The Bugera V22 is one helluva kickass amp, even at twice the money. Even the guys on The Gear Page rant and rave about it, where it usually it takes a Carol Ann, Dumble, Trainwreck, or some other multi-thousand dollar boutique amp to turn their heads. I've had a couple of the V55s, which is the same amp with more watts. They romped and stomped. Very versatile, good tone, lightweight, loud as hell, and highly recommended.

The V22s and V55s both have had some problems in the past, though. They spec'd the +15v regulator as a 1 watt part, because on paper the draw is less than that. But, it's inside a tube amp, so it not only doesn't get cooled, it actually gets heated up due to the high ambient temperature caused by the tubes. So, it needed to either be a larger part that was derated or have a heatsink installed. They did neither.

This caused one of several different symptoms to appear, depending on your luck of the draw. With some amps, the reverb wouldn't work. On others, and this was the most frequent, the thing would sporadically change channels on you. You'd be playing some nice, quiet jazzy thing, and all the sudden without warning you'd be in teeth-grinding mode blasting the world. Some of them just wouldn't change channels, and some of them exhibited no symptoms at all.

Fix is cheap and easy, though. For around a buck, you get yourself a heatsink for a TO-220 package regulator (they're common as dirt and just as available),

to220-bolt-on-heatsink.jpg

a 6-32x1/2" machine screw w/ nut, pull the chassis and attach the sink to the regulator with the nut/bolt, and put it all back together. 5 minute job.

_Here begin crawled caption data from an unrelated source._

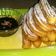 Cooksnap dari Lina Agustin untuk resep Churros Greentea
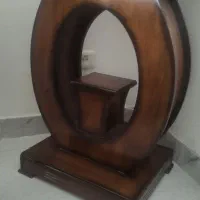 میز تلفن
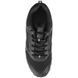 Кросівки тактичні Mil-Tec Outdoor Sport Shoes 45 Black (12883000-290-45) 12883000-290 фото 6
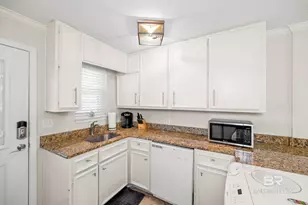 913 W Beach Blvd, Gulf Shores, AL 36542 - Photo 4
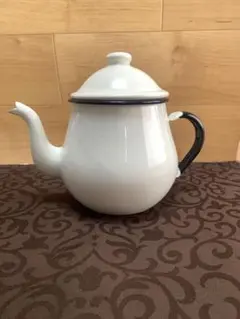 m☆y様 リクエスト 2点 まとめ商品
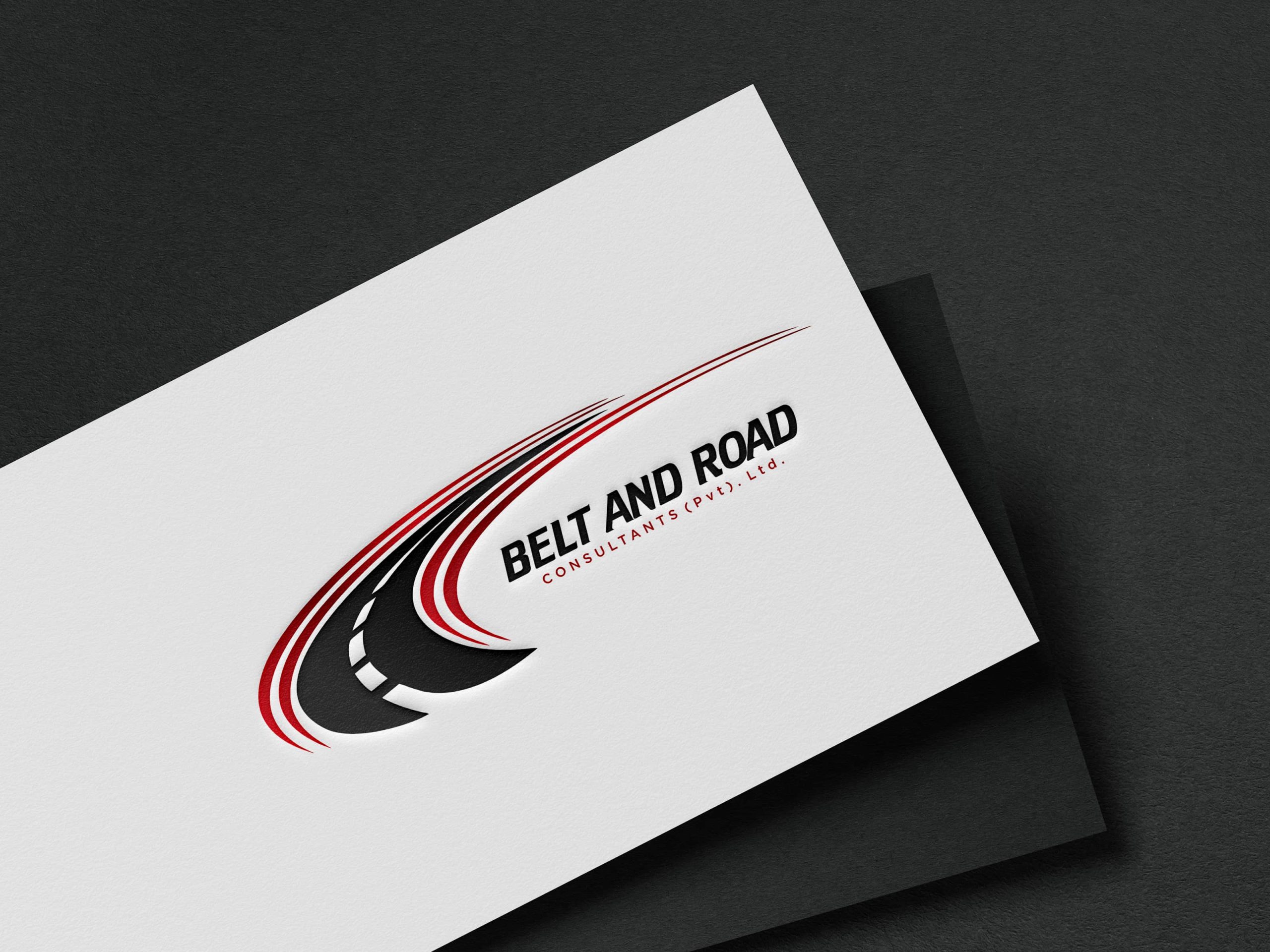 BRC - Ideatech Software House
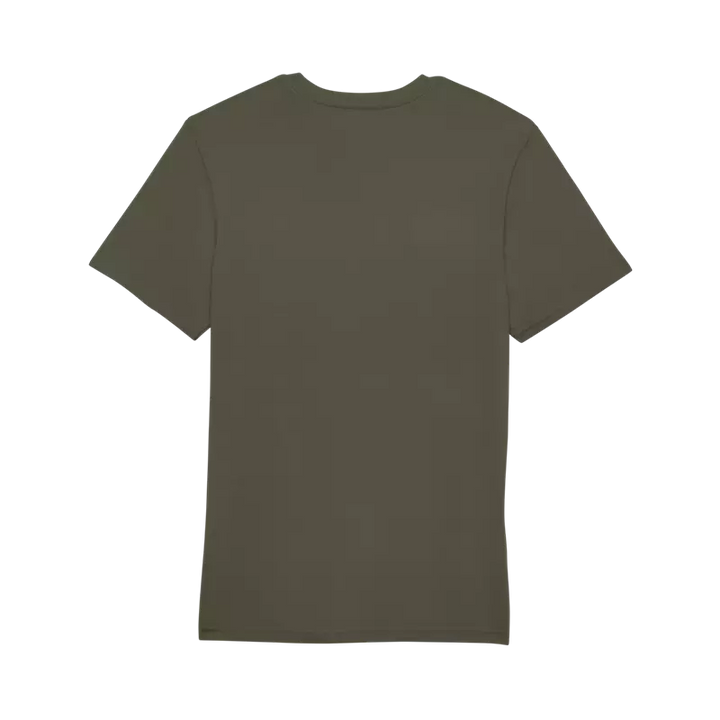 Fox Absolute SS Premium Tee
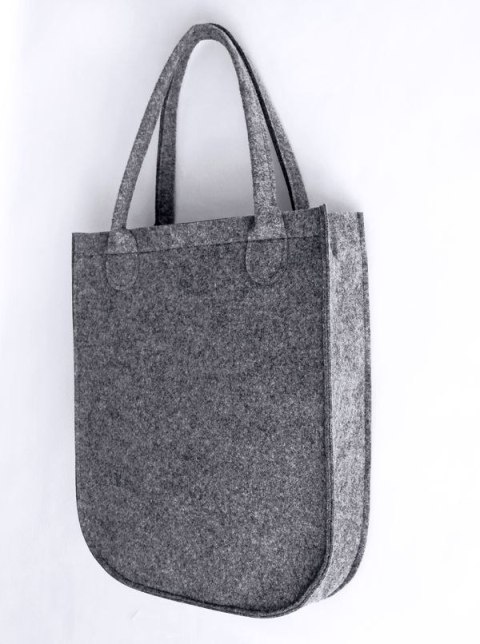 Torba filcowa CITY Hypnotic Torba filcowa CITY Hypnotic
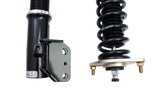 BC Racing BR Series Coilover Kit - 14-18 SJ Subaru Forester by BC Racing F-23-BR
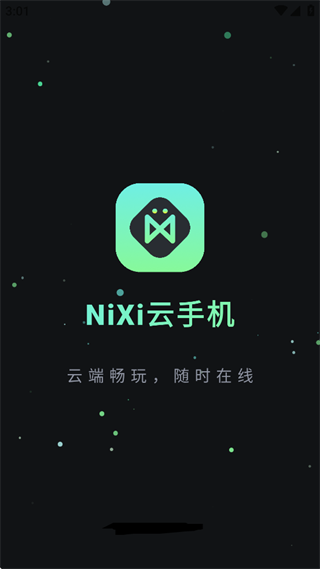 NiXi���ֻ�app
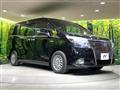 2015 Toyota Esquire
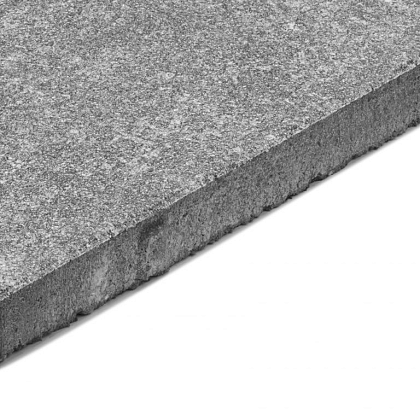 GeoProArte® 30x20x6 Bel Blue Light Grey* UITLOPEND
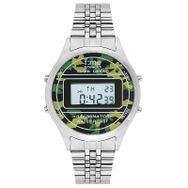 Time Watch TW.126.2CFC Erkek Kol Saati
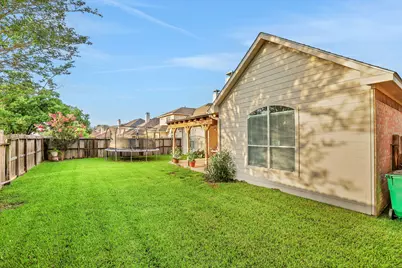 3627 Sage Pointe Court, Katy, TX 77449 - Photo 31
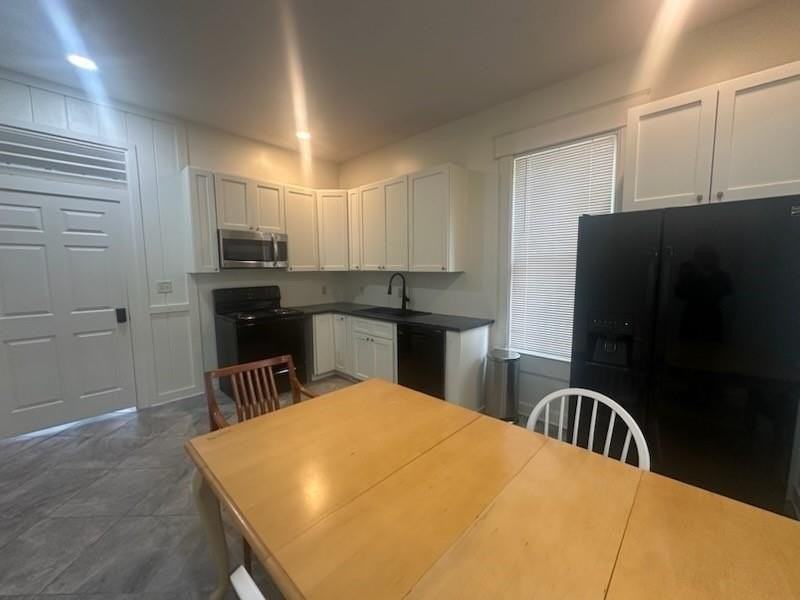 1113 Grant St #A - Photo 6 of 12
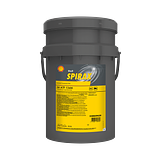 Spirax S6 ATF 134M - 20ltr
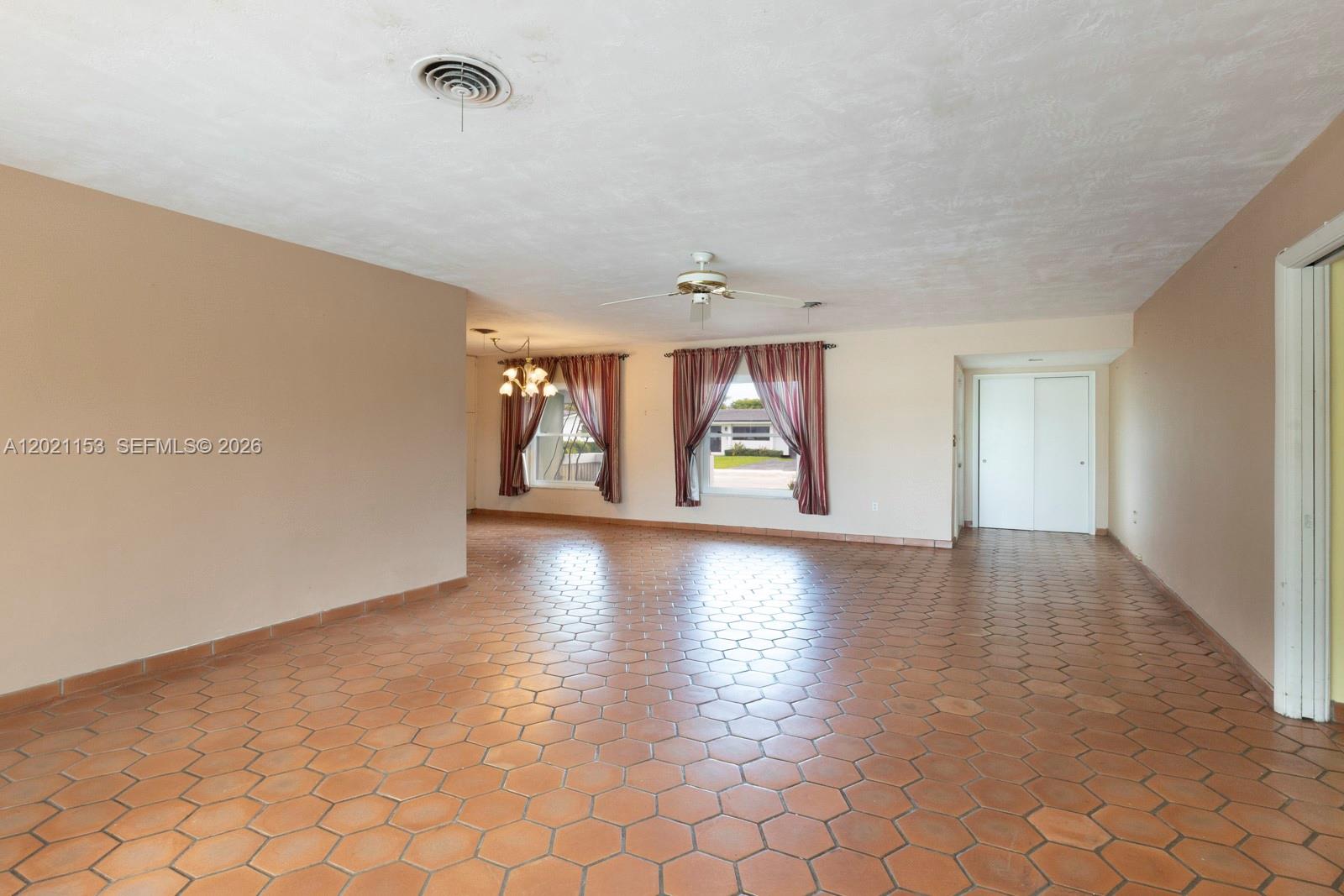 8791 SW 85th St Miami, FL 33173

heatsink-with-nut-and-bolt.jpg

You don't hear about it much anymore because I'm sure Bugera's engineering dept. issued an ECN to production, but if you find an older amp, it may show up. Or, it might be why somebody's selling one cheap. That's how I got mine - people thought they were wasted, and the amp is cheap enough that it's hardly worth all the shipping and handling malarky to get it fixed. So, they were sold "as is" for parts. $1 and a half hour later, I put them on Craig's List or Ebay for $350 ea.
 
Cagey! Thank you very much for that little write-up on the V22, it's much appreciated. I didn't have time to try it out today however.

What I did have time to play was a Vox AC15, the Laney Cub stack and a Blackstar Studio 20 - and boy was the choice easy there!

For reference, I play 99,5% of the time on the neck pickup on my Hagström Swede, an all mahogany guitar of the LP variety (I have never liked bridge pickups, they just sound "blenk blenk" and I lose all interest), and that can be quite the test for an amp. But not the AC15! WOW, that thing sounds absolutely fantastic. I didn't think there was going to be such a massive difference. I began by plugging into the normal channel, kind of liked it, plugged into the top boost channel... liked it. Treble & bass at 1 o'clock, tone at somewhere, low gain and modest volume. Stunningly good. Very sweet treble, but the show stopper is how the lows and mids just make sweet sweet love to the signal the amp is getting. I could go on and on, for example about what happened when I turned up the gain a bit and did some riffing - but I won't. But I'll need an LPB or MC-401, definitely.

The main issue with the Laney and Blackstar amps was that they simply lacked clarity. If an amp can't deal decently with my guitar with all tone controls at 12 o'clock my interest wanes. I was not too impressed with the Blackstar's overdrive channel but on the whole it was the better amp of the two.

So. I'll give the Bugera a go next weekend if I have the time, otherwise it's the AC15 for me. The only amp that has come close is the Blues jr.